DATASET EXCERPTS:
■ ■ ■ ■ ■ ■ ■

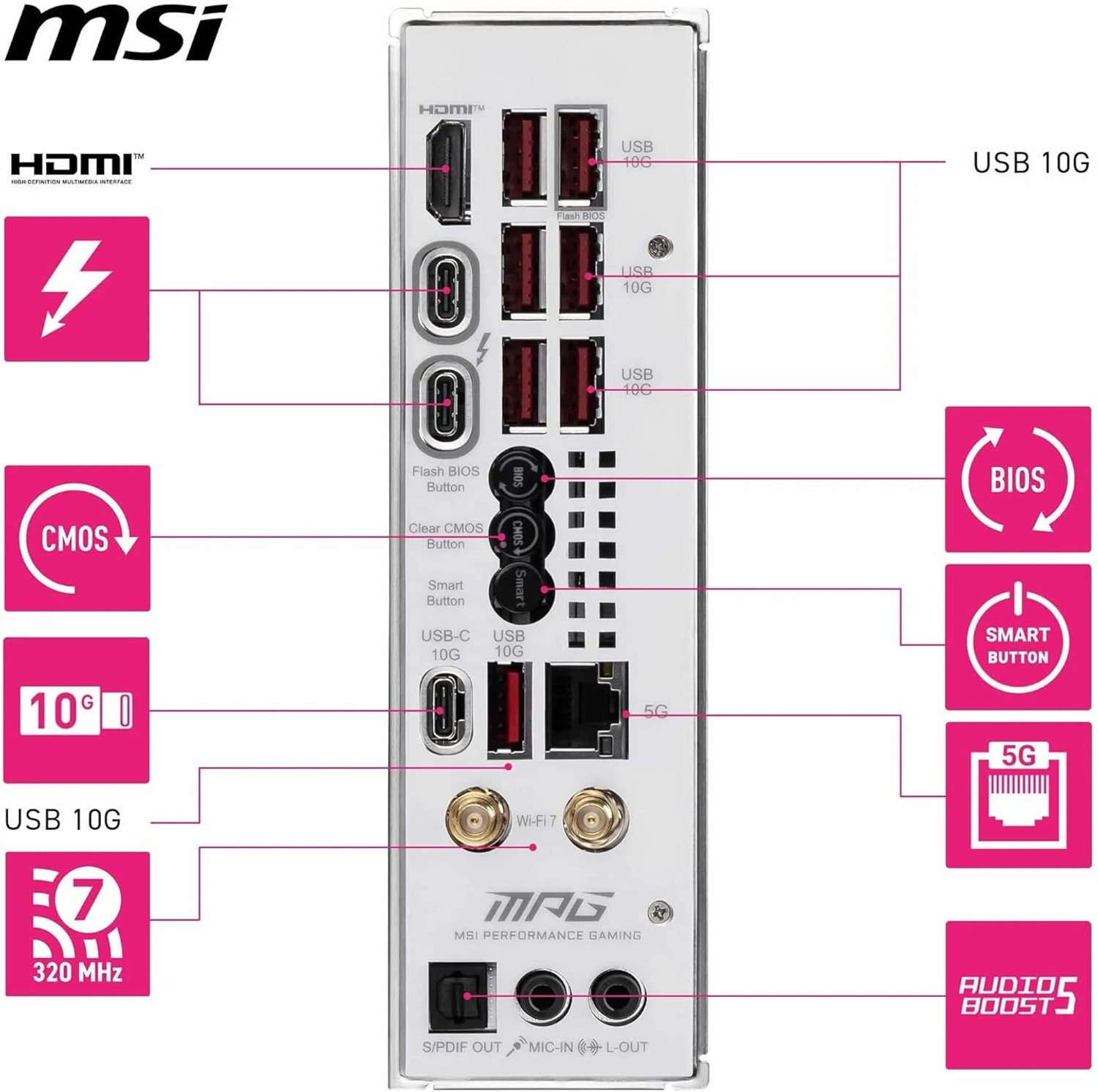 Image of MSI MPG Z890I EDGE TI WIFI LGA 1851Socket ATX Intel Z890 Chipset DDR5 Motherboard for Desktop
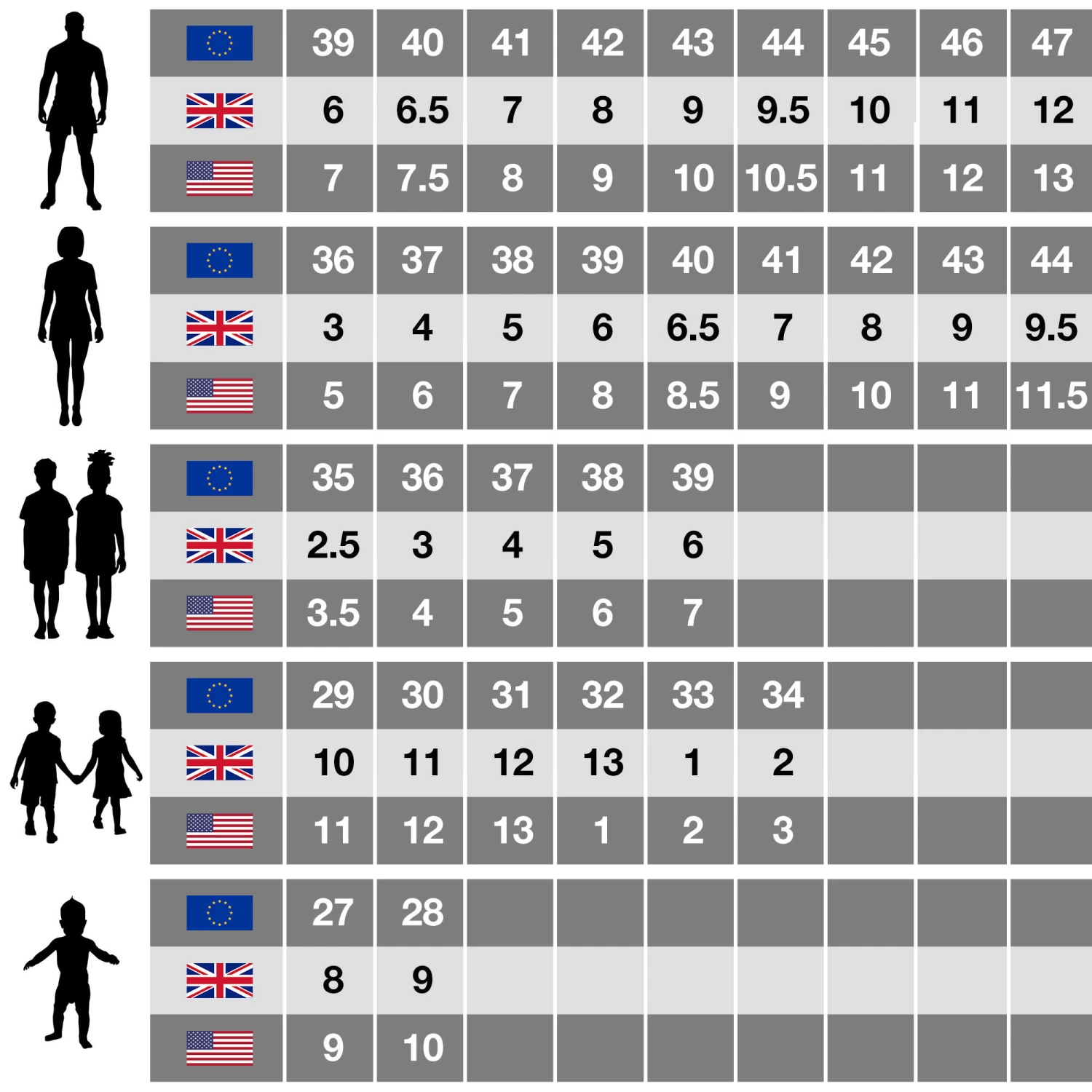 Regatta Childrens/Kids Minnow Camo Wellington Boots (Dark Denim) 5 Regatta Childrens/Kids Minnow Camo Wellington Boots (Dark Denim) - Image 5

■ ■ ■ ■ ■ ■ ■

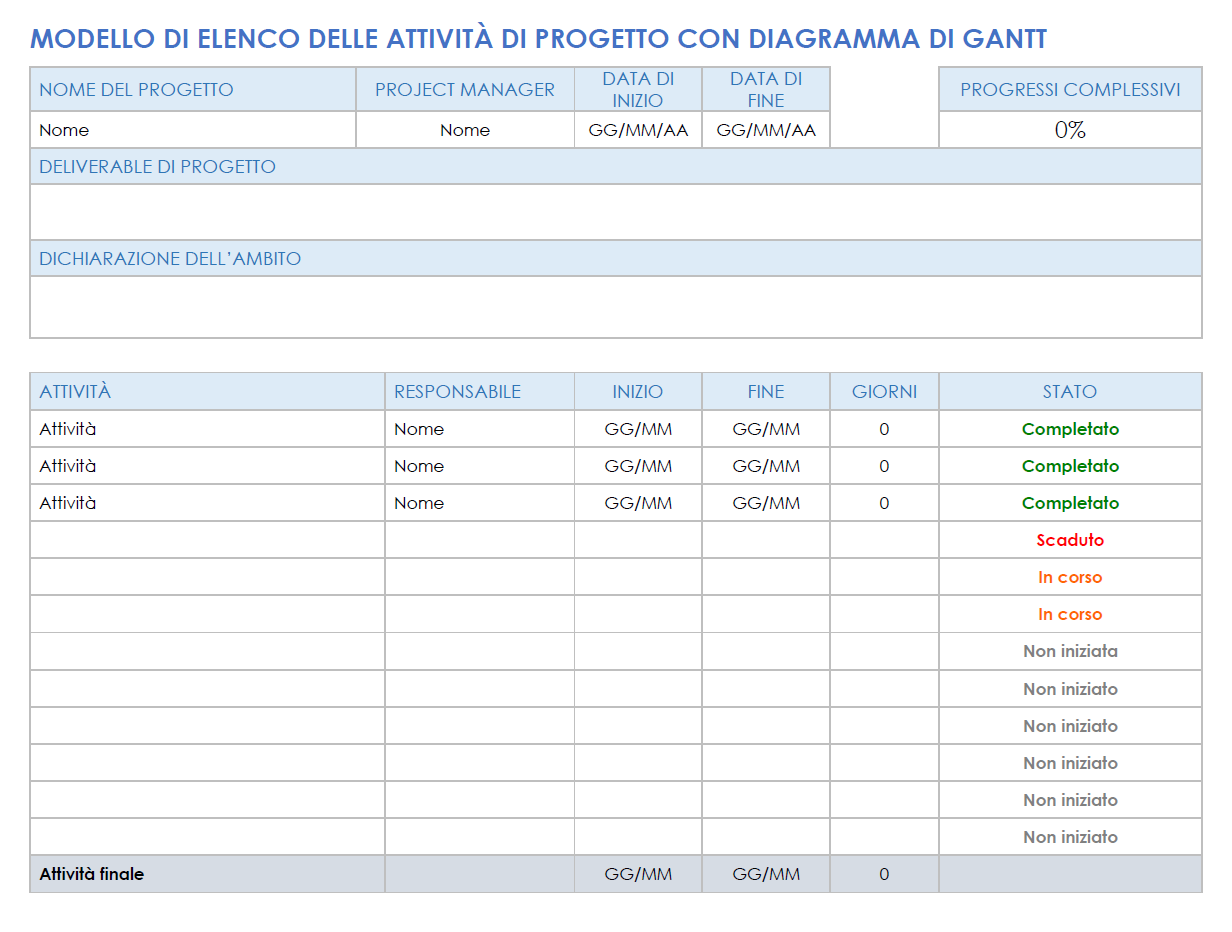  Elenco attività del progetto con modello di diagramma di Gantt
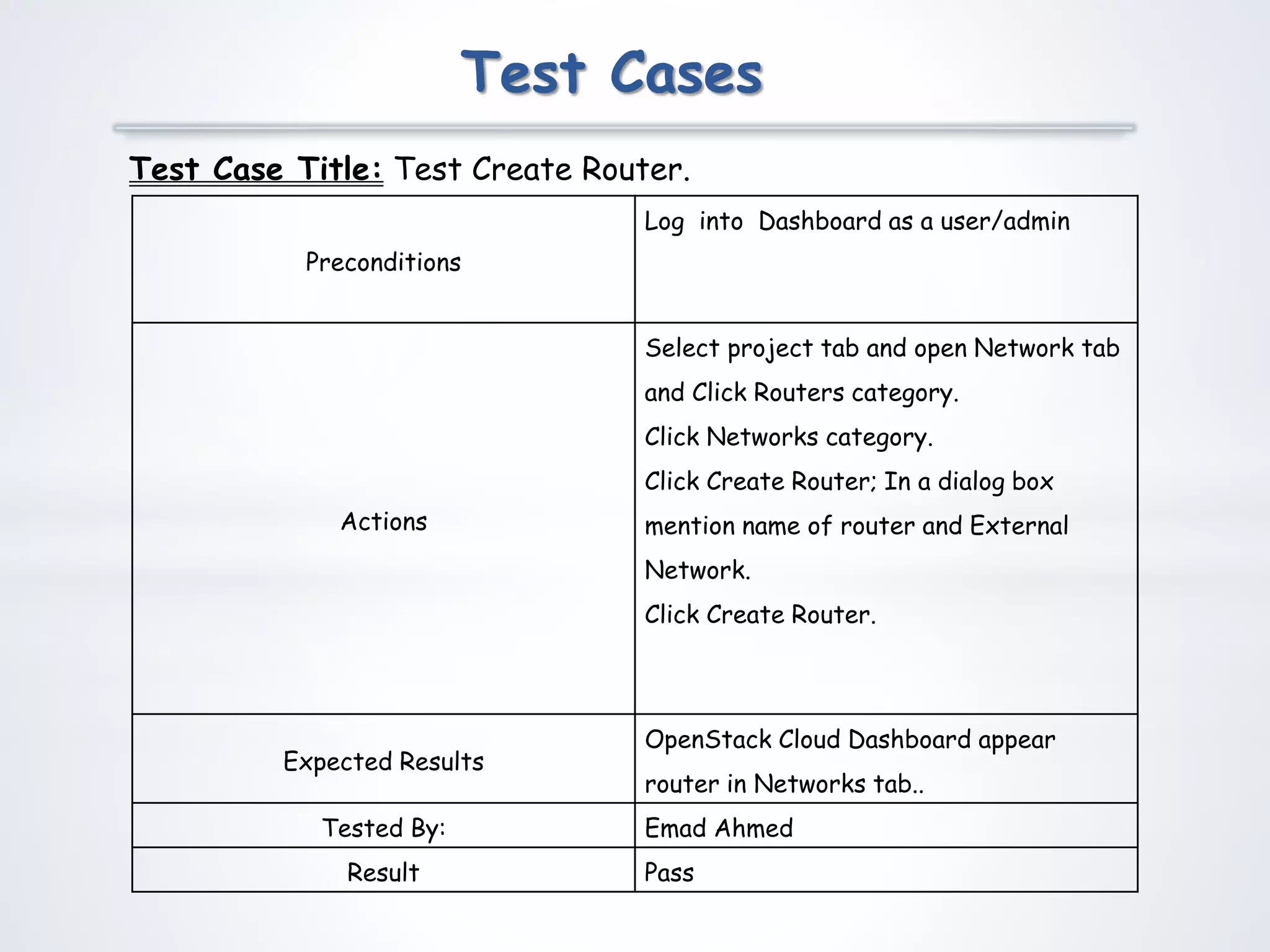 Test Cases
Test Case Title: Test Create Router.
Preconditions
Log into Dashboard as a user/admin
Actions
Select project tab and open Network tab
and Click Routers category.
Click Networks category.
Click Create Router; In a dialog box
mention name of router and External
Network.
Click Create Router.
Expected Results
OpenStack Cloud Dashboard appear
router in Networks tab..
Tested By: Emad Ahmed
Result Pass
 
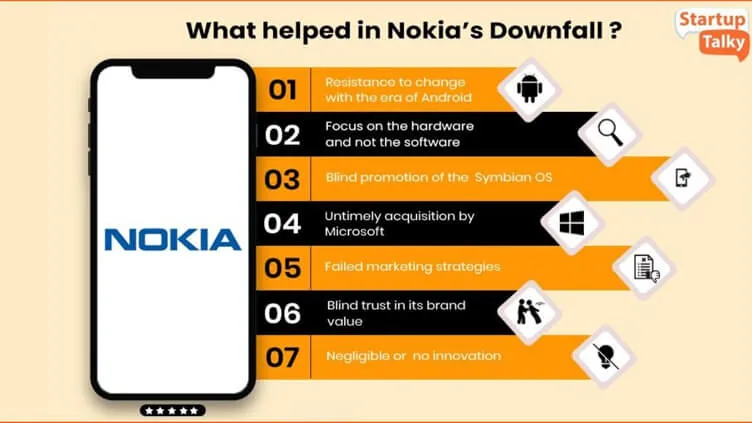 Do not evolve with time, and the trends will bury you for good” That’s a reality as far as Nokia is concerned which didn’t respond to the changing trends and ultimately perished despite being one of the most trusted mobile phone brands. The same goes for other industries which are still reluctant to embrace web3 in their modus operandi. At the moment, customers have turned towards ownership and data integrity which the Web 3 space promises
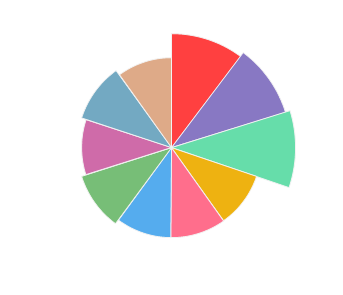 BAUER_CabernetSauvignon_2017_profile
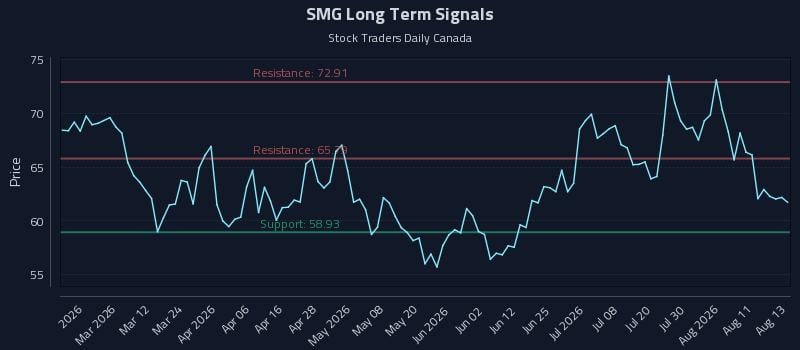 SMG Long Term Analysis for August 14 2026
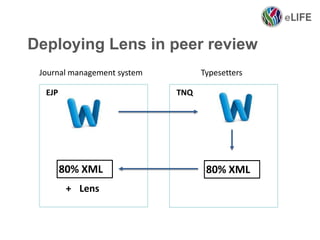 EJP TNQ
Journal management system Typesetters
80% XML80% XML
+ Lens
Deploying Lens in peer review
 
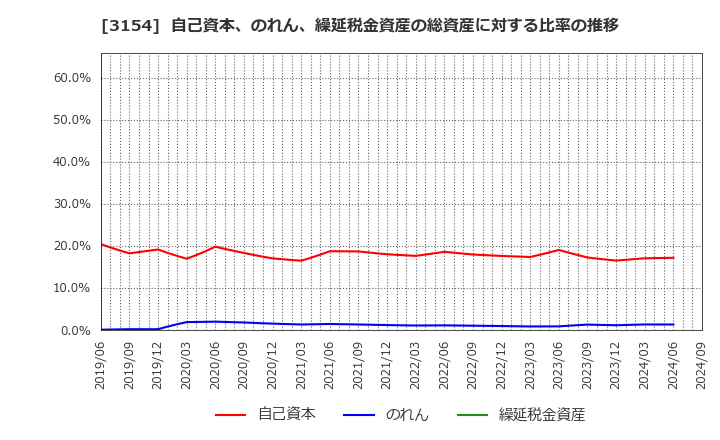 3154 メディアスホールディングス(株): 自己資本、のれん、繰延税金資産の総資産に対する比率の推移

■ ■ ■ ■ ■ ■ ■

WHAT IS BEING ASKED:
The lines above, starting at the one with "Test Case Title: Test Create Router." and ending at the one with "Result Pass", are the only ones to return, exactly as written.

OUTPUT OF THE TASK:
Test Case Title: Test Create Router.
Preconditions
Log into Dashboard as a user/admin
Actions
Select project tab and open Network tab
and Click Routers category.
Click Networks category.
Click Create Router; In a dialog box
mention name of router and External
Network.
Click Create Router.
Expected Results
OpenStack Cloud Dashboard appear
router in Networks tab..
Tested By: Emad Ahmed
Result Pass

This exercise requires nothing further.